LA keeps 2024 deadline for Olympic projects despite winning 2028 bid


(Kaley Powers/Daily Bruin)

(Kaley Powers/Daily Bruin)



Correction: The original version of this article incorrectly stated that UCLA will host indoor volleyball, field hockey and water polo on campus during the games. In fact, UCLA will not be hosting these sports.

Little will change in Los Angeles’ plans for the Olympic Games despite Monday’s announcement that it would host the games in 2028, four years later than its original bid.

The International Olympic Committee considered both Los Angeles and Paris to host the 2024 Games, but organizers reached an agreement for Los Angeles to host the games in 2028 and for Paris to host in 2024. In September, the IOC will ratify the decision in a meeting in Peru.

Los Angeles will still complete several transportation projects it advertised to support its 2024 bid by 2024, said Metro spokesperson Dave Sotero. The 2028 date has also left the details of Los Angeles’ bid and UCLA’s role in the games unchanged, said LA 2024 Olympic Bid Committee spokesperson Jeff Millman.

Metro officials asked for federal funding to finish constructing the Purple Line Extension, which will connect Westwood to downtown Los Angeles, by 2024 in anticipation of Los Angeles hosting the 2024 Games. Metro will still complete the Purple Line Extension and other projects meant to support the Olympics by 2024, Sotero said.

Olympic athletes and support personnel will live on the Hill during the 2028 Games and train at Drake Stadium, according to the bid book. Athletes will use the Ronald Reagan UCLA Medical Center and the Harbor-UCLA Medical Center in Torrance for medical services.

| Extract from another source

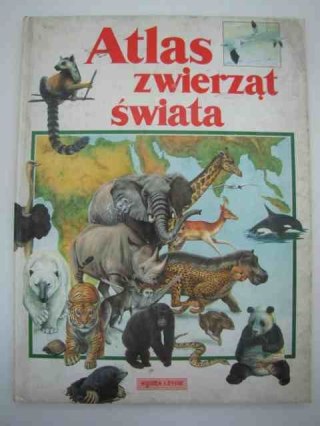ATLAS ZWIERZĄT ŚWIATA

Zev Yaroslavsky, a former Los Angeles city council member, said he thinks it will be beneficial for Metro projects originally tied to the 2024 Games to be up and running for a few years before Los Angeles hosts the Olympics.

“Having 2028 as the horizon makes it much more likely that many projects associated with the games will get done for the games,” Yaroslavsky said.

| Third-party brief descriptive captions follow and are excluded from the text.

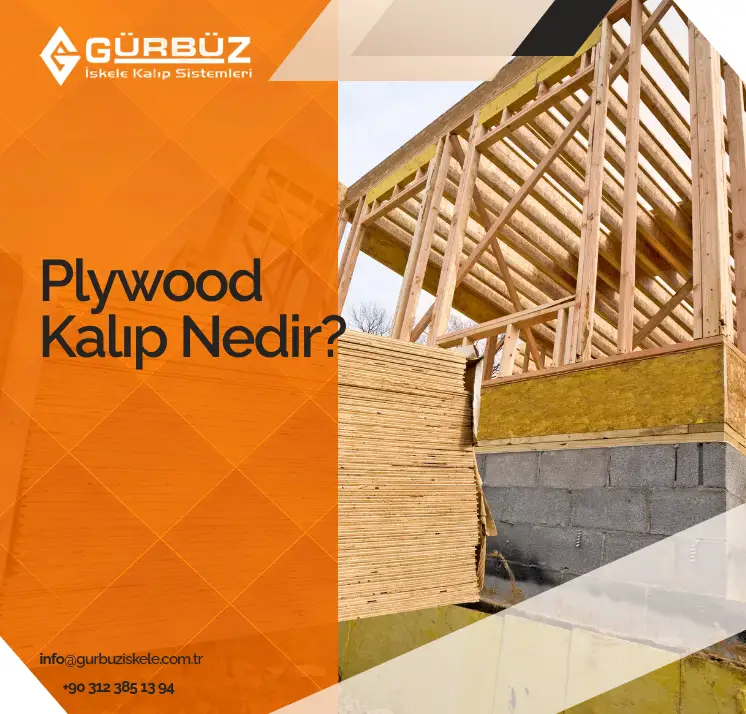 Plywood Kalıp Nedir? - Plywood Kalıp Özellikleri - Plywood Çeşitleri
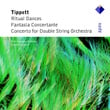 Tippett : Concerto For Double String Orchestra, Fantasia Concertante & Ritual Dances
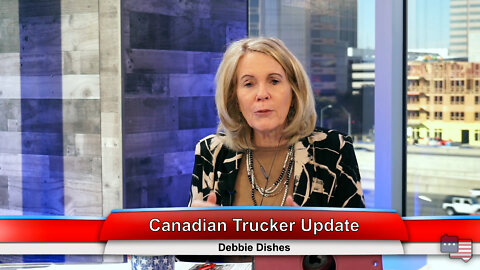 Canadian Trucker Update | Debbie Dishes 1.26.22 Thumbnail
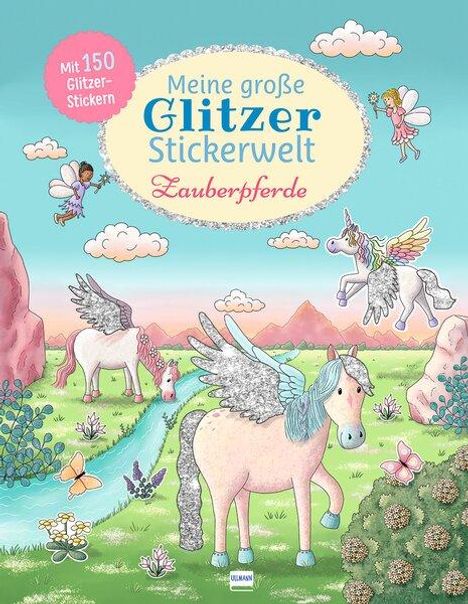 Gabi van der Straeten: Meine große Glitzer-Stickerwelt Zauberpferde, Buch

He added he thinks Los Angeles’ bid will be cost-effective because the city will use existing athletic facilities and housing, including the UCLA campus, to support the games.

“If the (Los Angeles) organizing committee continues to operate with fiscal discipline, it’s possible these games could be run without a deficit, even at a surplus,” Yaroslavsky said. “(Los Angeles) is the most capable city in the world to stage the games at the lowest possible cost.”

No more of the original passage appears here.